The Times series also includes an interview with Dominic Cummings, Gove’s faithful friend and former adviser, who has acquired a reputation for outspoken eccentricity. On this occasion, he describes David Cameron as bumbling “from one shambles to another”, the Education Department as “a basket case” and Nick Clegg as “a goner”. Yet Cummings has a certain intellectual rigour. He says: “You’ve got to move the [school] system from being a cottage industry to companies that deliver excellence at scale. Supermarkets . . . work because they get very high performance out of mediocre people.”
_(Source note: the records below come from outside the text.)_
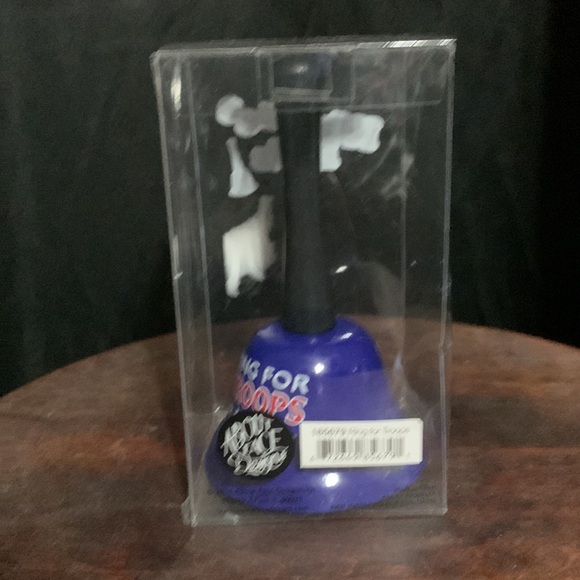 KRAY-ZEE BELLS- Ring for Troops 🇺🇸Bell - Picture 3 of 6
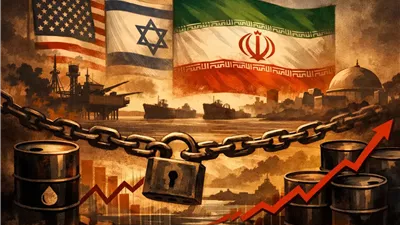 أسعار النفط تتجاوز 100 دولار للبرميل مع تصاعد التوتر في الشرق الأوسط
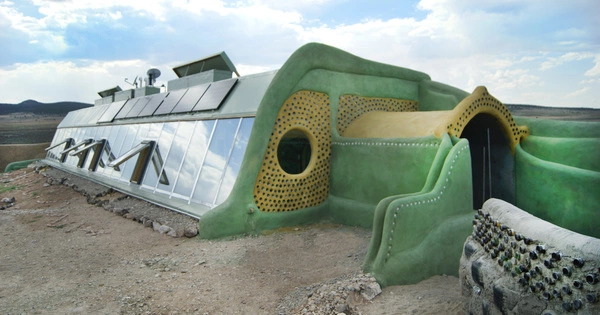 Earthship – a Style of Architecture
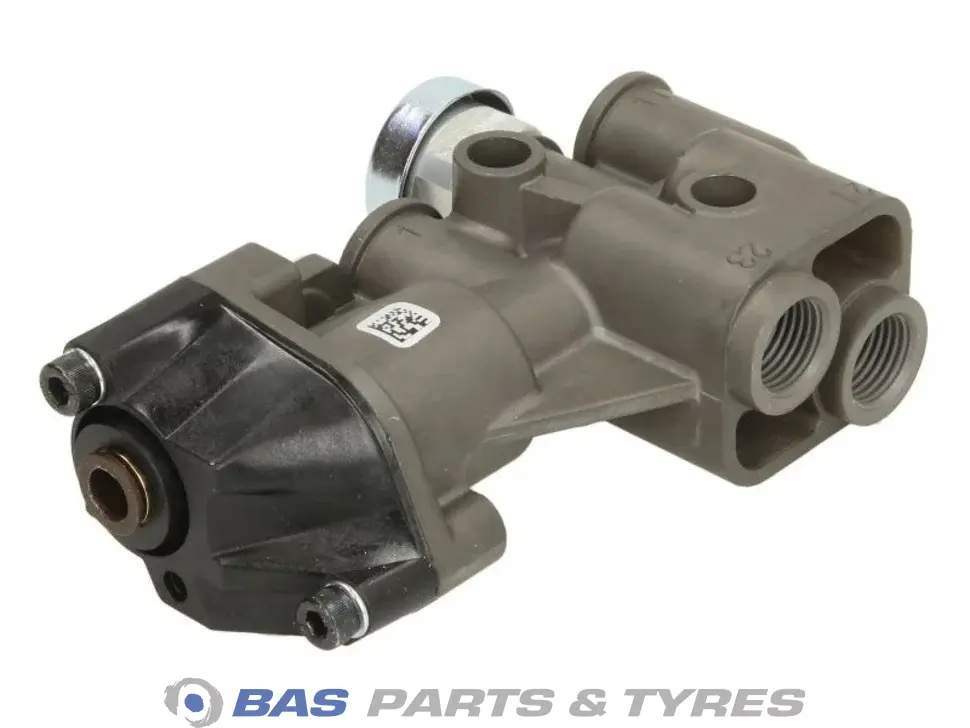 Air suspension control valve Pneumatics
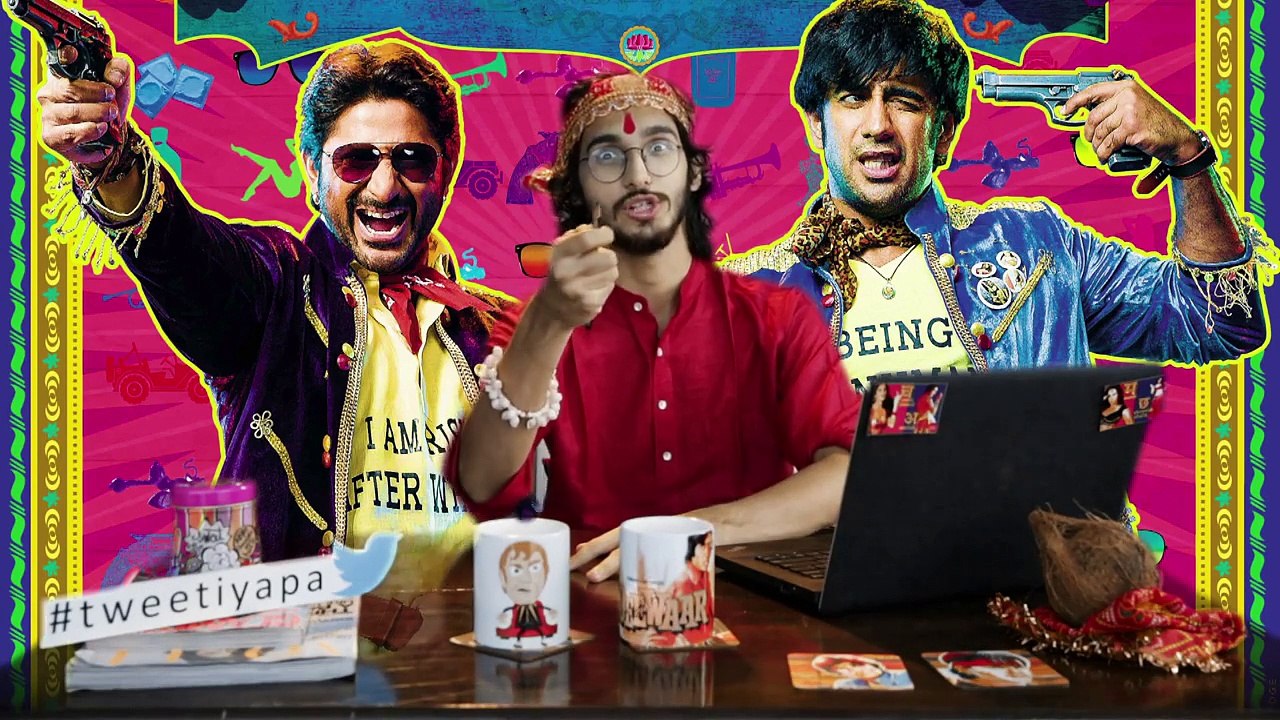 Guddu Rangeela Review | Bollywood #Tweetiyapa with Ari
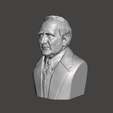 JRR-Tolkien-2.png 3D Model of J.R.R. Tolkien - High-Quality STL File for 3D Printing (PERSONAL USE)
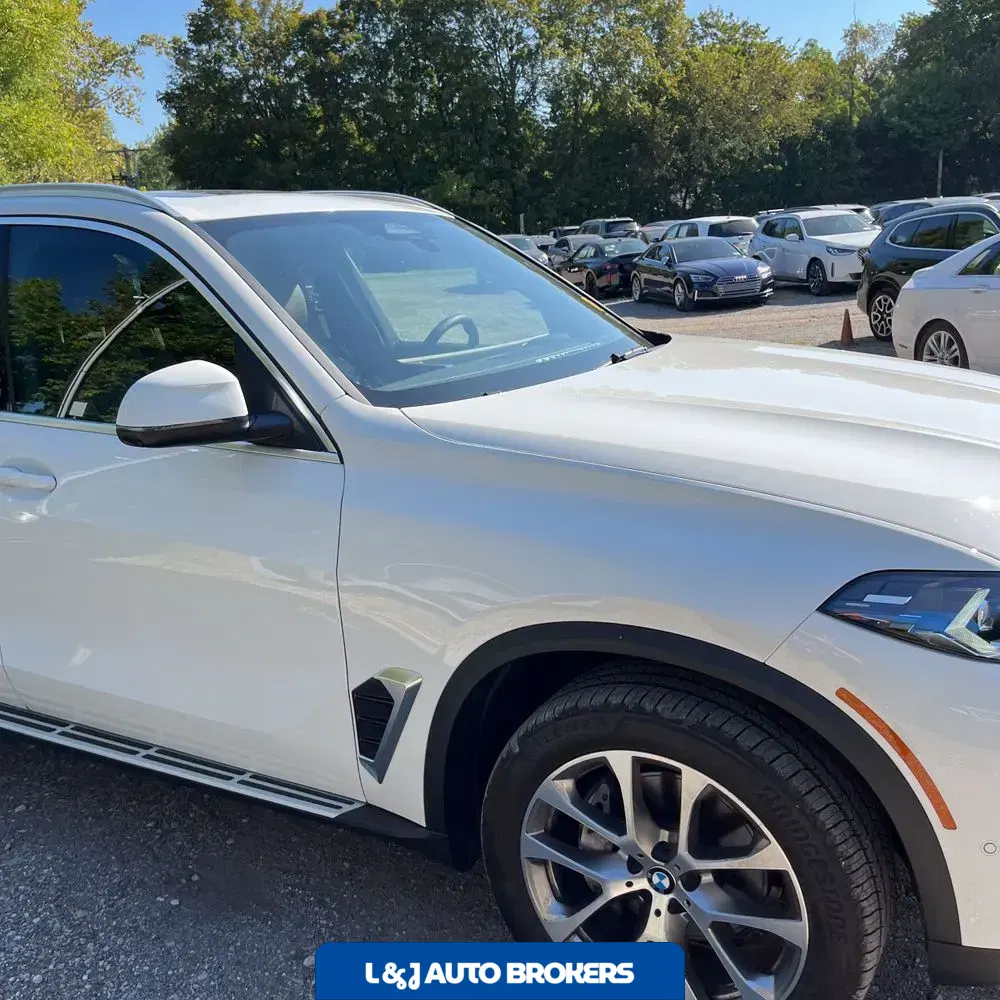 2025 BMW X5 XDrive40i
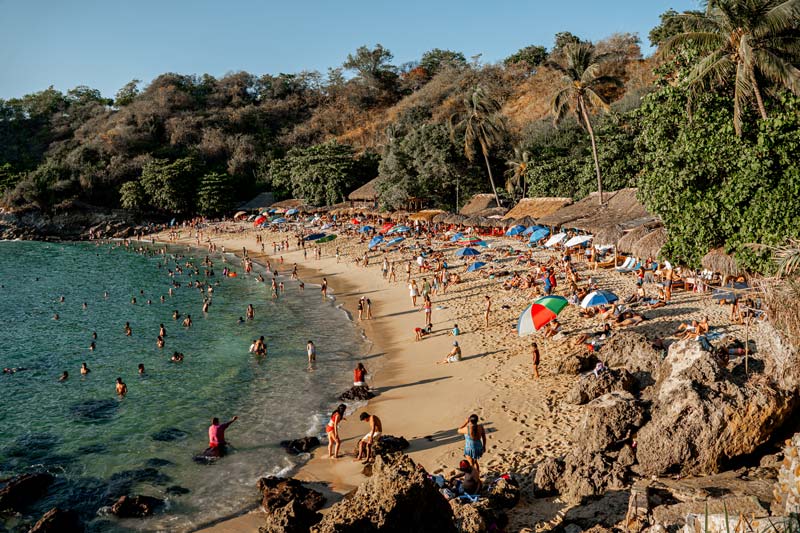 Todo sobre Puerto Escondido: guía rápida de precios, rutas y playas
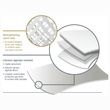 Hollister Calcium Alginate Silver Dressing
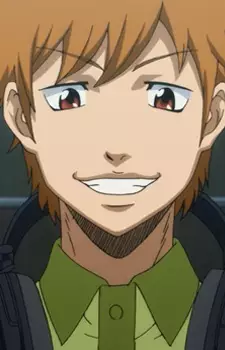 imagem de capa do personagem Shinji Akamatsu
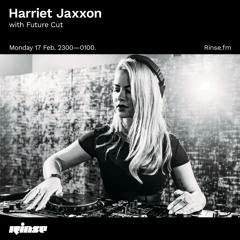 Harriet Jaxxon with Future Cut - 17 February 2020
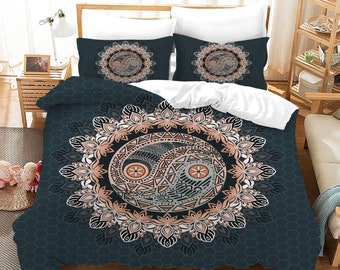 lotus spirea double quilt
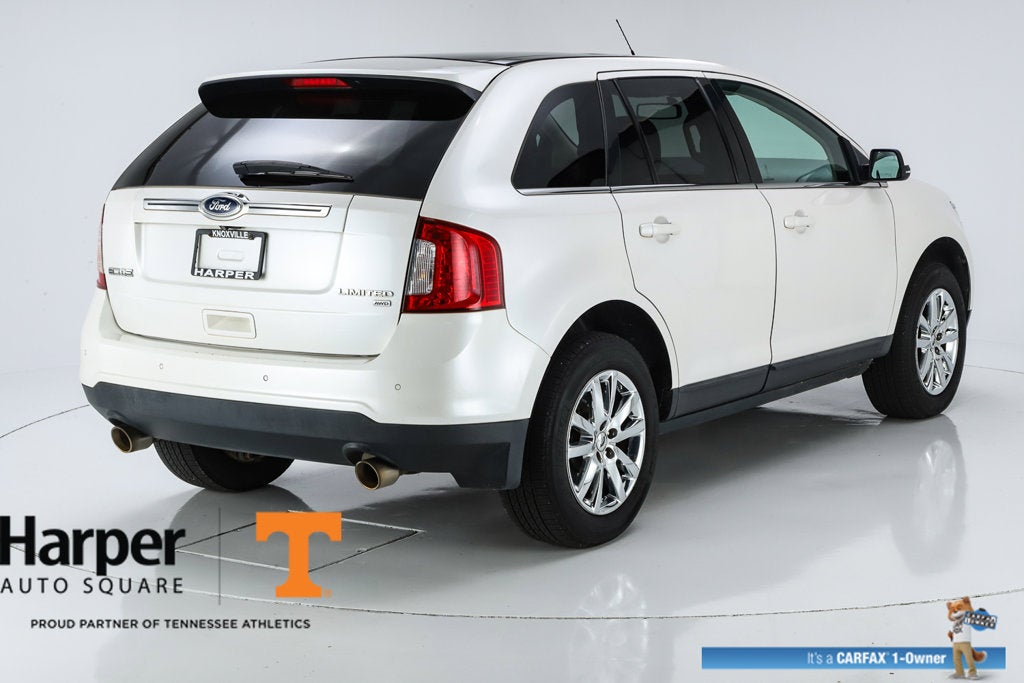2014 Ford Edge Limited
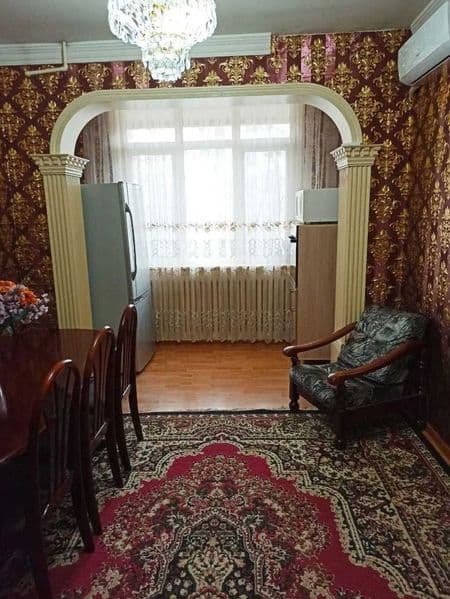 Аренда Квартира 2-хона 2 чи-этаж, 4-этажка дом. Ориентир Боз — фото 4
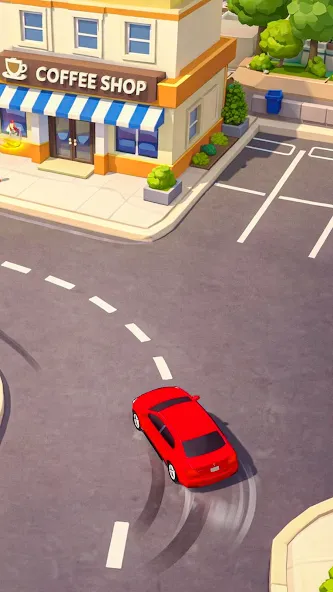 Pickup Taxi Game screenshot 6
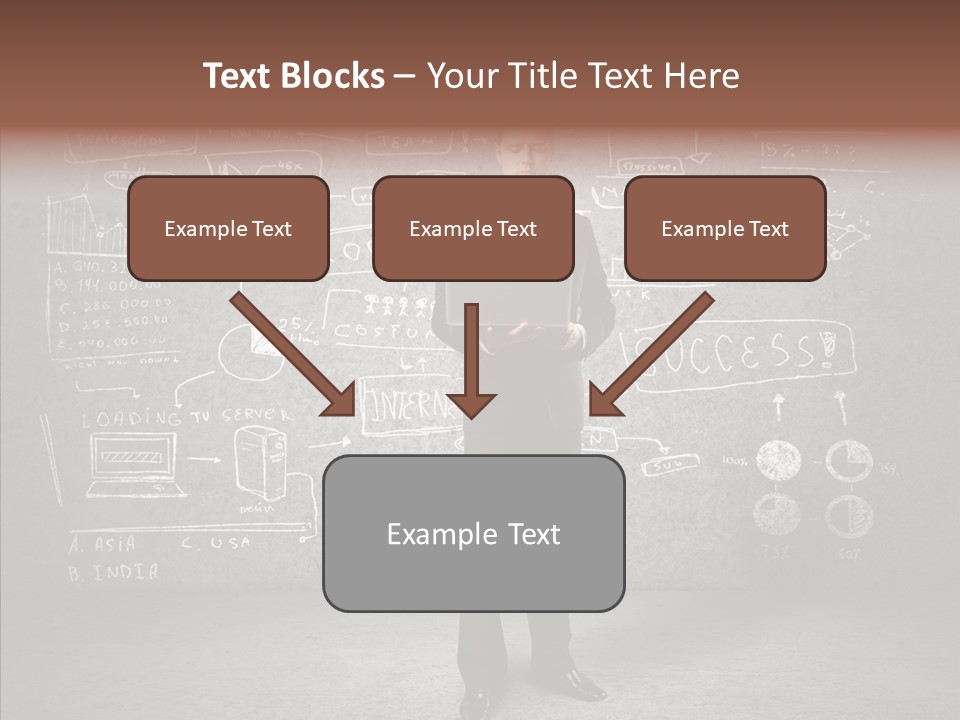 Object People Caucasian PowerPoint Template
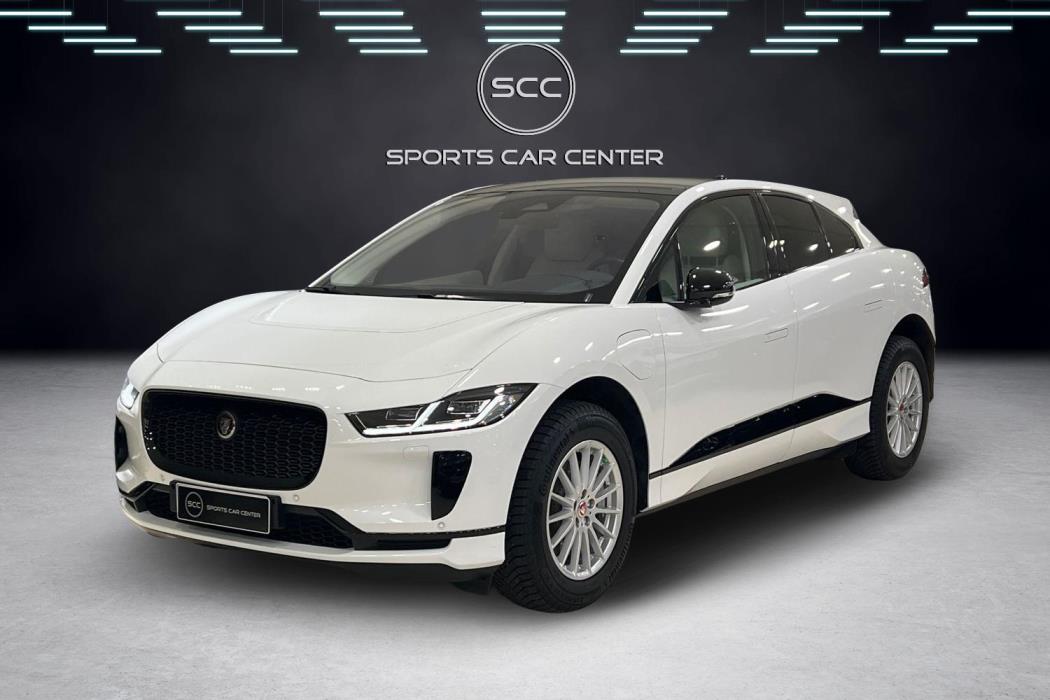 Jaguar I-pace 2023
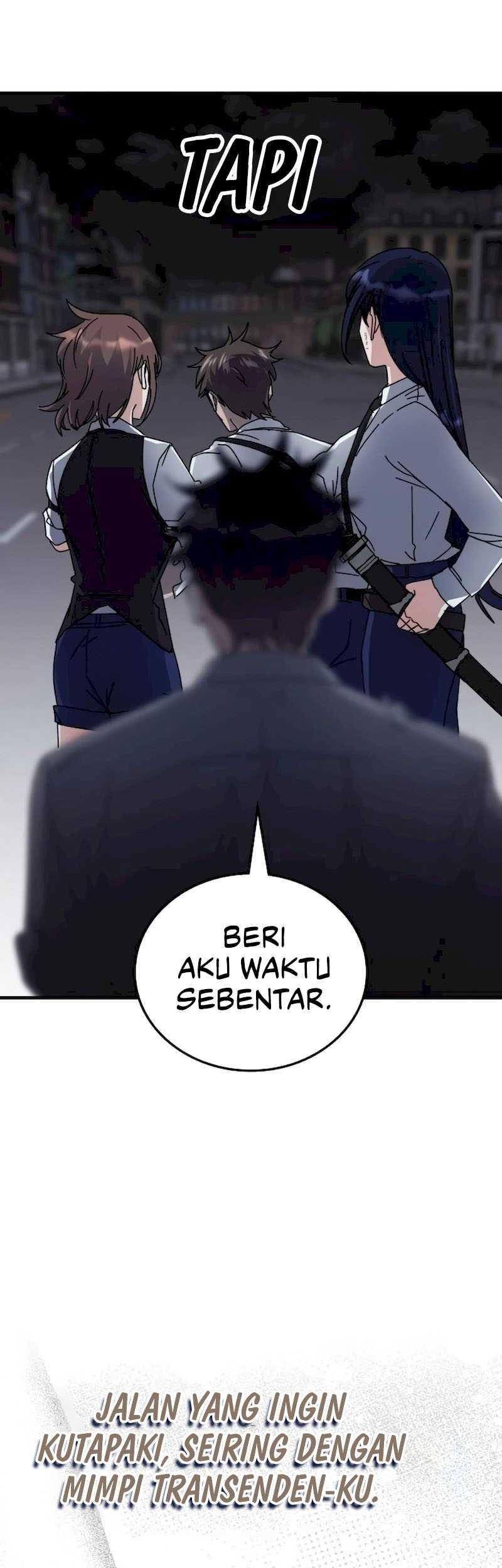Transcension Academy Chapter 112 Gambar 31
In other words, whatever Gove intends, the ultimate outcome of his “reforms” won’t be lots of self-governing schools run by little platoons of parents, teachers and social entrepreneurs. It will be schools handed over to a few big private corporations, offering standardised education and squeezing out local suppliers. That’s what’s right for “mediocre people”.

 

War on war

The American actor Angelina Jolie (aka Lara Croft, tomb raider) has been made a dame not because she’s “the world’s most beautiful woman” (all media), nor because our Foreign Secretary, William Hague, is apparently besotted with her, but because she campaigns against “sexual violence” in war zones. I do not wish to belittle her work. Rape is deplorable and so is war. Most people agree – except perhaps Tony Blair, though I suppose even he would draw a line at rape. The euphemism “sexual violence” is revealing. A rape-free war is about as much an oxymoron as a non-violent war. Throughout history, soldiers have committed rape. Shouldn’t Jolie simply campaign against war, or against arms sales, even if that annoys important people such as Hague?

 

Parents’ penalty

If England make an early exit from the World Cup, as could well happen after their defeat to Italy, it will be disappointing. Football is among the few sports in which the national team is genuinely national (contrast this with cricket, in which South Africans, West Indians, Australians and so on routinely play for England) and nobody can accuse the players of enjoying a private-school education (same contrast). But if our working-class lads can’t keep up with the foreign competition at the World Cup in Brazil and elsewhere, Gove and Wilshaw must surely act. Shouldn’t parents be fined for reclining in deckchairs instead of playing beach football with their children?